Information shown –
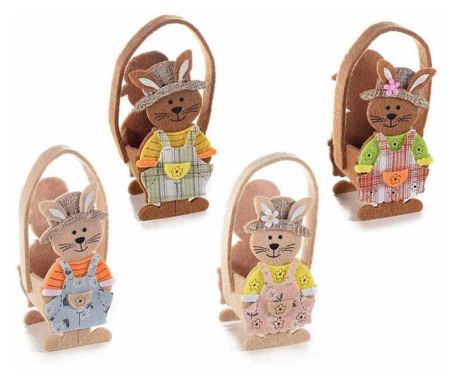 Set od 4 tekstilne torbe model Rabbit 6x6x14 cm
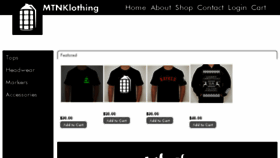 What Mtnklothing.com website looked like in 2018 (6 years ago)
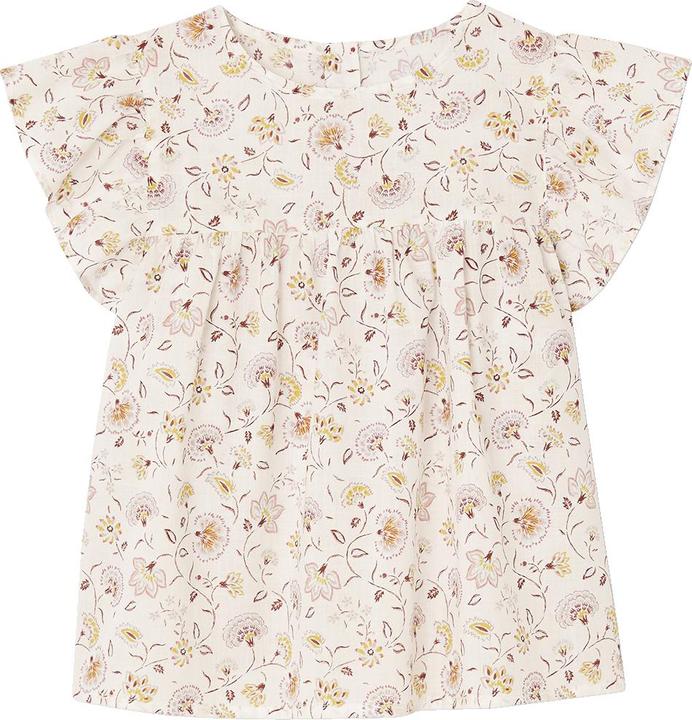 Produktbild Vertbaudet Mädchen-Set: geblümte Bluse & Musselin-Shorts (140)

Task objective – Repeat the listing above exactly, omitting the pictures it contains.

Answer to this task –
 Set od 4 tekstilne torbe model Rabbit 6x6x14 cm
 What Mtnklothing.com website looked like in 2018 (6 years ago)
 Produktbild Vertbaudet Mädchen-Set: geblümte Bluse & Musselin-Shorts (140)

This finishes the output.